I'm not sure the above statement makes sense. Below you can find the
performance results for 512-byte reads with a varying number of
threads and a NULLIO target. With a sufficiently high number of
threads this test saturated the two CPU cores of the initiator system
but not the CPU core of the target system. So one can conclude from
the numbers below that for the initiator and target software
combinations used for this test that although the difference is small,
the latency for the SRP traffic is slightly lower than that of the
iSER traffic and also that the CPU usage of the SRP traffic is
slightly lower than that of the iSER traffic.

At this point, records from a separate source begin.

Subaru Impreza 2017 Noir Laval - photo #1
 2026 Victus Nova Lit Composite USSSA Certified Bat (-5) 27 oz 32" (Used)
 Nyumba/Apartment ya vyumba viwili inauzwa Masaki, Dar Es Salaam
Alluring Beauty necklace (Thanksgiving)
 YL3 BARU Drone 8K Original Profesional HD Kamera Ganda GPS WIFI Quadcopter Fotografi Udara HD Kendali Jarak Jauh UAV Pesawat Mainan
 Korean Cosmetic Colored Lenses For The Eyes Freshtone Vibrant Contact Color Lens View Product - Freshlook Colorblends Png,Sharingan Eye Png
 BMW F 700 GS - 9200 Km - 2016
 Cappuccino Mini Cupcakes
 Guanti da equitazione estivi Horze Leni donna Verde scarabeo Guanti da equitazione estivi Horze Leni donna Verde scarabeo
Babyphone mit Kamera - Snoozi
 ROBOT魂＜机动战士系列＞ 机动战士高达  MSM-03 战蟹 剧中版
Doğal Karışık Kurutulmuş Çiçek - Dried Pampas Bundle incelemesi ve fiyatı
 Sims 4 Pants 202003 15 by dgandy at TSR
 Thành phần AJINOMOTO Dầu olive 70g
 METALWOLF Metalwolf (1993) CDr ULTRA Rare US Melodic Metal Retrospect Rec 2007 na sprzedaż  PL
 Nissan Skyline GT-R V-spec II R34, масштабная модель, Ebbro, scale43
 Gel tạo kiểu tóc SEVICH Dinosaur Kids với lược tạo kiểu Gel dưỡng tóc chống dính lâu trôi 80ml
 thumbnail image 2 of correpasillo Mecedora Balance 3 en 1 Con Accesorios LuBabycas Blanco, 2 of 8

These numbers are quite
impressive since one can conclude from the numbers below that for both
protocols one I/O operation is completed by the initiator system in
about 17 microseconds or 44000 clock cycles.

iSER:
 1   read : io=128MB, bw=13,755KB/s, iops=27,510, runt=  9529msec
 2   read : io=256MB, bw=26,118KB/s, iops=52,235, runt= 10037msec
 4   read : io=512MB, bw=48,985KB/s, iops=97,970, runt= 10703msec
 8   read : io=1,024MB, bw=57,519KB/s, iops=115K, runt= 18230msec
16   read : io=2,048MB, bw=57,880KB/s, iops=116K, runt= 36233msec
32   read : io=4,096MB, bw=57,990KB/s, iops=116K, runt= 72328msec
64   read : io=8,192MB, bw=58,066KB/s, iops=116K, runt=144468msec
CPU load for 64 threads (according to vmstat 2): 20% us + 80% sy on
the initiator and 40% us + 20% sy + 40% id on the target.

SRP:
 1   read : io=128MB, bw=14,211KB/s, iops=28,422, runt=  9223msec
 2   read : io=256MB, bw=26,275KB/s, iops=52,549, runt=  9977msec
 4   read : io=512MB, bw=49,257KB/s, iops=98,513, runt= 10644msec
 8   read : io=1,024MB, bw=60,322KB/s, iops=121K, runt= 17383msec
16   read : io=2,048MB, bw=61,272KB/s, iops=123K, runt= 34227msec
32   read : io=4,096MB, bw=61,176KB/s, iops=122K, runt= 68561msec
64   read : io=8,192MB, bw=60,963KB/s, iops=122K, runt=137602msec
CPU load for 64 threads (according to vmstat 2): 20% us + 80% sy on
the initiator and 0% us + 50% sy + 50% id on the target.

Setup details:
* The above output was generated with the following command:
for i in 1 2 4 8 16 32 64; do printf "%2d " $i; io-load 512 $i
${initiator_device} | grep runt; done
* The io-load script is as follows:
#!/bin/sh
blocksize="${1:-512}"
threads="${2:-1}"
dev="${3:-sdj}"
fio --bs="${blocksize}" --buffered=0 --size=128M --ioengine=sg
--rw=read --invalidate=1 --end_fsync=1 --thread --numjobs="${threads}"
--loops=1 --group_reporting --name=nullio --filename=/dev/${dev}

* SRP target software: SCST r1522 compiled in release mode.
* iSER target software: tgt 1.0.2.

* InfiniBand hardware: QDR PCIe 2.0 HCA's.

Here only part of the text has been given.